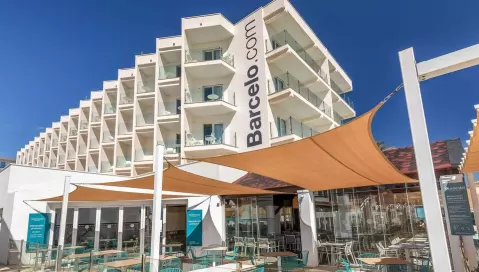 Occidental Torremolinos Playa (Malaga, Ispanija)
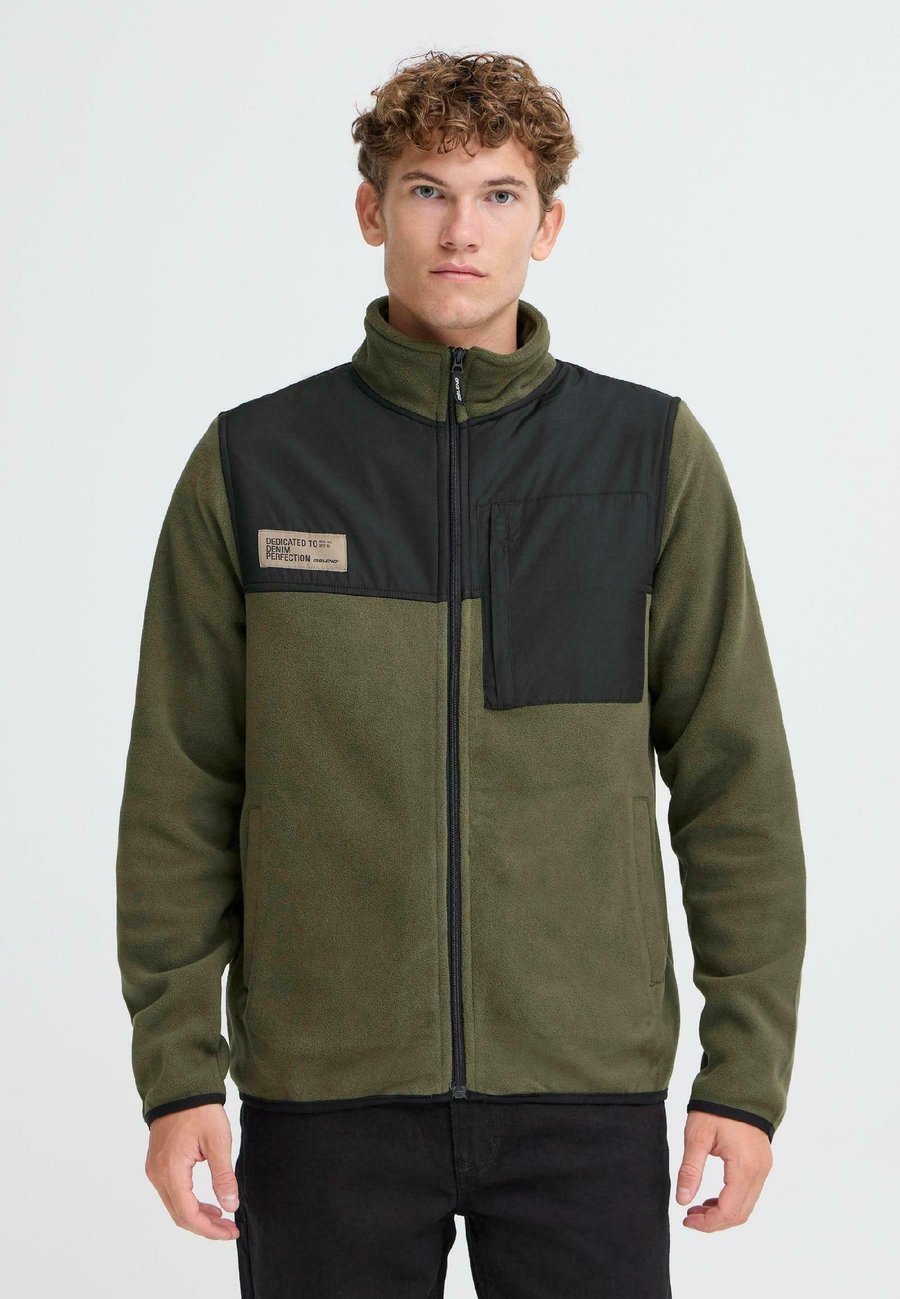 Флисовая куртка Blend BHMAS, Forest Night/Evergreen
Флисовая куртка Blend BHMAS, Forest Night/Evergreen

━━━━━━━━━━━━━━━━━━━━━━━━━━━━━━

- Exercise description
When you return the listing, keep each line exact and leave the pictures out.

- Written answer
 Occidental Torremolinos Playa (Malaga, Ispanija)
 Флисовая куртка Blend BHMAS, Forest Night/Evergreen
Флисовая куртка Blend BHMAS, Forest Night/Evergreen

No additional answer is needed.